The main focus of this talk will centre around the camp of Bando in Tokushima prefecture on the island of Shikoku. While this camp was not representative of camps as a whole in Japan it occupies and important place in the popular memory of the First World War in Japan. Purpose built and opened in 1917, it held a little over 1,000 POWs or around one fifth of all POWs held in Japan during the war. Bando became a model camp with ample room for prisoners to engage in agriculture, engineering, arts and crafts and sport. It also became a site of cultural interaction with prisoners taking an interest in Japanese culture as well as introducing their own to Japan. The main legacy of which is the performance of Beethoven’s ninth symphony in the camp which has since gone to be country-wide tradition.
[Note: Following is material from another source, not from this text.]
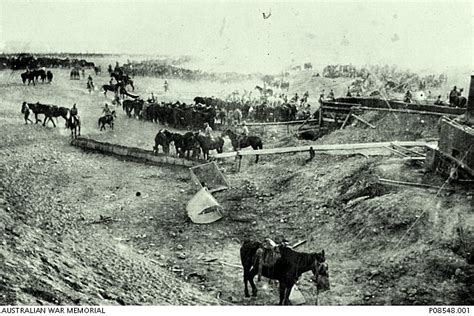 Roads to the Great War: 100 Years Ago: The Battle of Beersheba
The site of the former Bando camp itself is an important site of memory in that it houses a memorial stone to all those POWs who died in Japan during the war. With the opening of the ‘The Naruto German House’ it is has also become a site of commemoration and important facet of Japan’s popular culture. (see the link for the Naruto German House Homepage (Japanese only)

Mahon Murphy is an Associate Professor of International History at the Graduate School of Law at Kyoto University. He received his PhD in 2015 from the London School of Economics and Political Science where he studied under David Stevenson and Heather Jones. His PhD was awarded the German Historical Institute London annual thesis prize in 2015. His first book, Colonial Captivity during the First World War: Internment and the Fall of the German Empire, 1914 -1919 (Cambridge University Press) was published in 2017. He was a member of the HERA funded project Making War Mapping Europe: Militarized Cultural Encounters 1792-1920 where he researched and published on the British military of occupation of Jerusalem 1917-1920. He is a region editor for the British Journal for Military History. Since moving to Japan, he has been a member of the research group Prisoners of War and Civilian Internees from the Viewpoint of East Asia, along with Naraoka Sochi and Kajiwara Katsuhiko. They are currently working on an edited volume on Japan’s treatment of prisoners of war from the Meiji Restoration until the Second World War. His most recent publication (2020) ‘The Heimei Maru Incident 1921: Japan’s Diplomatic Intervention in Prisoner of War Repatriation’ was published in The International History Review.